Similarly, morbidity and mortality of DD recipients are usually higher which is, among others, related to longer dialysis vintage28,29. Notably, higher suPAR levels have been shown to translate into all-cause and both CVD and non-CVD mortality in hemodialysis patients11,12. Thus, one may only speculate that lower suPAR levels in preemptive LD might contribute to preferable outcomes of LD KTx28. However, our study sample was too small to allow us to draw such conclusions.

Serum suPAR levels can indicate CKD prior to measurable function loss10. As the suPAR levels decline after KTx and as the native recipient kidneys usually remain in-situ after transplantation, the pathologically altered kidneys seem to be ineligible as a relevant suPAR source (due to progressive loss of function); otherwise, suPAR could be excreted by the working graft after transplantation, hence, kidneys seemed to have cleared suPAR from the circulation, at least in healthy volunteers30. However, our data confirmed the prognostical value of suPAR to predict the decline in functionality of the allograft (Figs. 4 and 5).

We observed that the suPAR level one year after KTx is predictive of future graft function (eGFR) to some extent, and suPAR levels above a cut-off of 6212 pg/ml serve as a risk factor for a significantly accelerated decrease of eGFR. Notably, even after adjustment for several other known risk factors for accelerated loss of allograft function, suPAR levels remained significantly predictive for eGFR loss one year after KTx (see Table 3).

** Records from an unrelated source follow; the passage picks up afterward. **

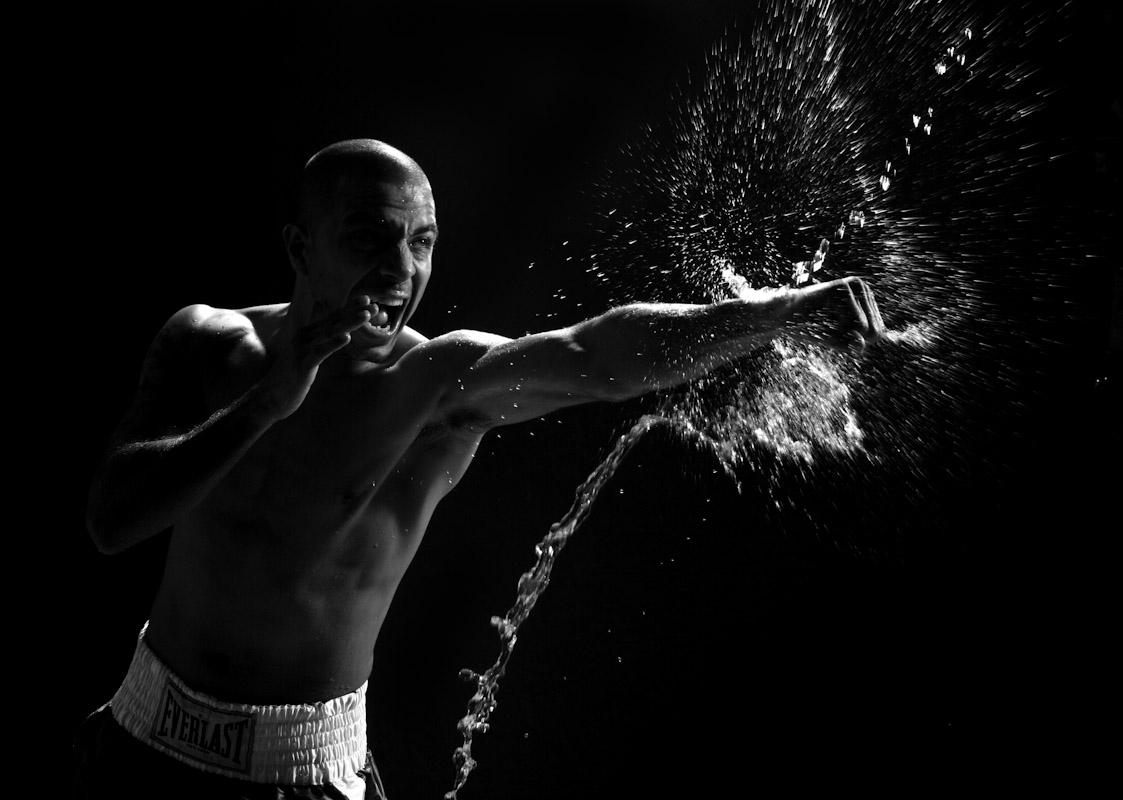 Featherweight contender Gary {quote}Kid{quote} Stark Jr. punches at a stream of water at the Church Street Gym on November 16, 2007 in New York, New York. 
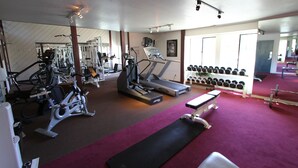 Un gimnasio con equipo de ejercicio, cinta de correr, mancuernas y banco.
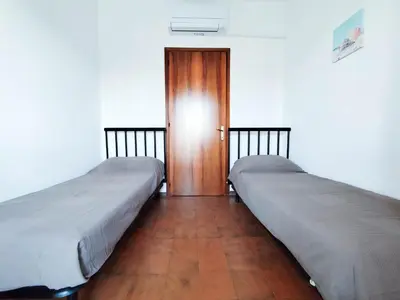 Letto o letti in una camera di Diplomatic Fronte Mare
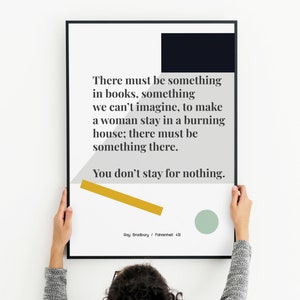 Peut inclure: Une affiche encadrée avec un cadre noir, présentant une citation de Fahrenheit 451 de Ray Bradbury. Le texte est sur fond blanc avec des formes géométriques en marine, gris, or et vert. L'affiche est tenue par une personne.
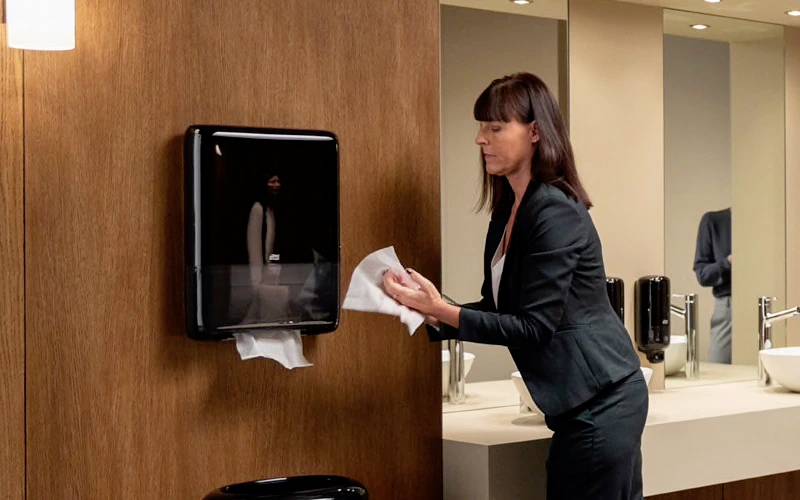 Frau entnimmt Papiertücher aus einem Spender in einem modernen Badezimmer.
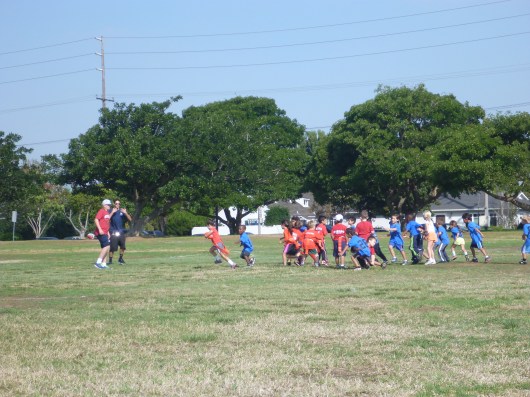 Game on! T's first flag football game gets off to a crashing-good start!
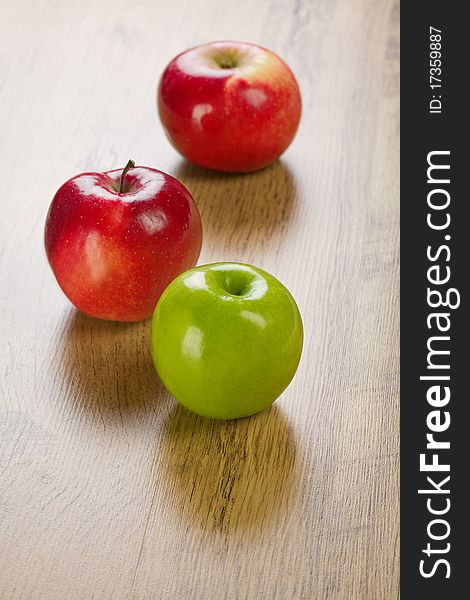 Three apples
red and green
wooden background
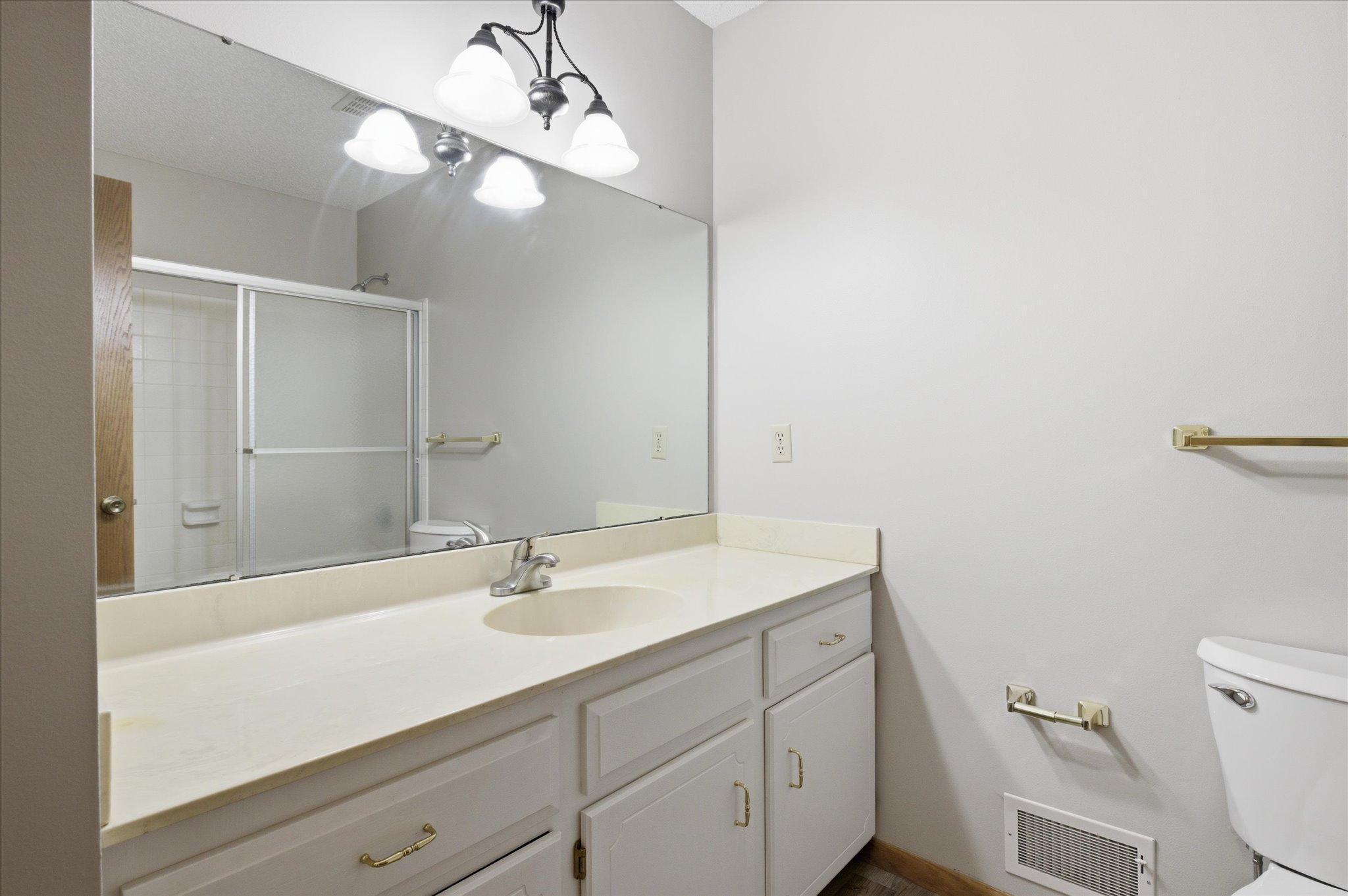 Bright and functional, the upper-level full bathroom offers convenience for family and guests alike.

This is in line with the observations made in CKD patients9,10. One should keep in mind that different suPAR tests from different manufacturers may result in different suPAR cut-off values despite high sensitivity and specificity, as recently reported by Winnicki et al.17.

Interestingly, there are interferences in the αvβ3 integrin pathway, which is induced by suPAR and calcineurin-mediated processes. These clacineurin-mediated processes are suppressed in KTx patients through the administration of calcineurin inhibitors (CNI) such as tacrolimus or cyclosporine. CNI exhibit antiproteinuric effects by stabilizing the actin cytoskeleton and stress fibers of podocytes through synaptopodin re-storage31,32. Furthermore, in lupus nephritis, a combination therapy of tacrolimus and mycophenolate mofetil (a standard of care after KTx)33, had an additive protective effect for the podocyte actin cytoskeleton by tacrolimus-induced synaptopodin-mediated activation of RhoA and mycophenolate mofetil-mediated VAV1 inhibition of Rac132.

However, our study has limitations, as it is a single-center study and observational in nature. Further, for our study, we analyzed data of a relatively small cohort, which did not include data on non-renal causes for eGFR decline or proteinuria such as infections, CNI toxicity, or surgical problems. Another study limitation is that GFR was estimated using serum creatinine-based CKD-EPI formula instead of cystatin C-based calculation, which has some advantages, such as higher sensitivity and specificity, over creatinine measurement34.

In conclusion, on the one hand, our observations implicate that elevated suPAR is a consequence of kidney disease and chronical inflammation, as KTx drops suPAR levels significantly after resolving the state of end-stage renal disease. On the other hand, suPAR seems capable as an early marker for allograft dysfunction after KTx.